Une position luxembourgeoise dans ce contexte

Le 4 juillet 2012, lors d’un séminaire à la FEDIL sur la question des droits de propriété intellectuelle dans l’UE à l’ère numérique, le directeur de l’Office luxembourgeois de la propriété intellectuelle, Lex Kaufhold, s’était montré sceptique vis-à-vis de l’approche de la Commission, dont il connaissait déjà les tenants. Il avait déclaré qu’il ne suffisait pas de changer la législation pour changer les pratiques sur un marché intérieur du commerce électronique qui n’existe pas, même s’il est souhaitable, et qu’il fallait donc mieux procéder pas à pas.

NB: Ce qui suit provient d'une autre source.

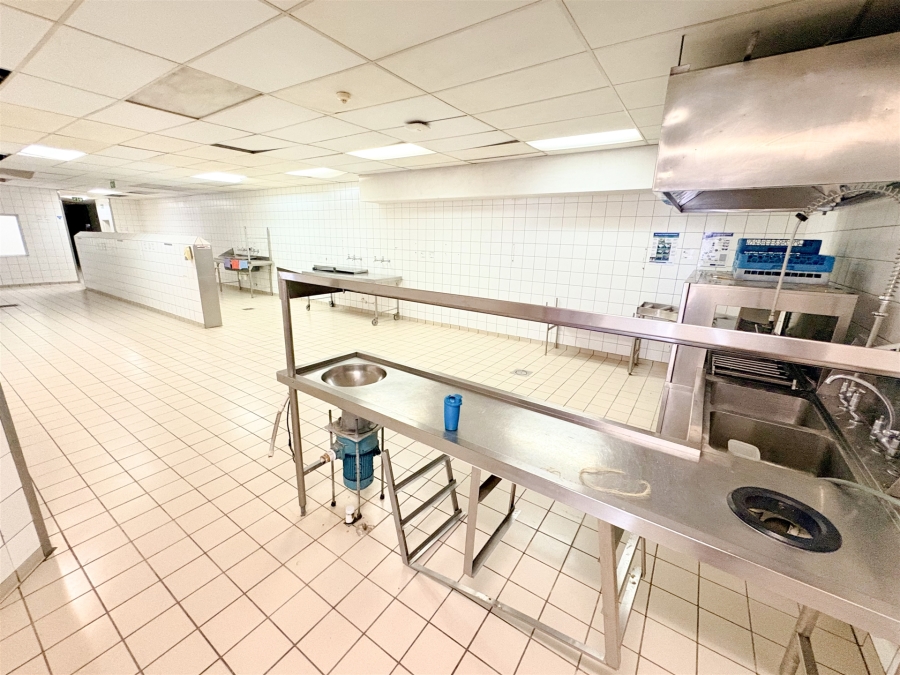 To Let Commercial Property for Rent in Bedfordview Gauteng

Pour Lex Kaufhold, l’approche de la Commission est de fait une libéralisation immédiate et sans crier gare du marché de la gestion collective des droits d’auteur. Dans la pratique, les grandes sociétés nationales, comme la GEMA allemande par exemple, qui sont bien équipées (la GEMA vient juste d’augmenter de 400 %  les droits d’auteur sur les contenus musicaux dans les discothèques en Allemagne, une mesure très contestée, n.d.l.r.) risquent, selon Lex Kaufhold, de faire très vite la loi au Luxembourg. A noter que le Luxembourg fait nommément partie des pays où la Commission estime que les sociétés de gestion collective des droits d’auteur sont en retard, ou pour le dire en langage communautaire, où les sociétés en question ont du mal à s’adapter aux nouvelles contraintes. Lex Kaufhold avait aussi évoqué une autre menace : que les grandes entreprises de gestion collective des droits puissent s’approprier des portefeuilles des « majors » américaines et négligent les droits des petits auteurs.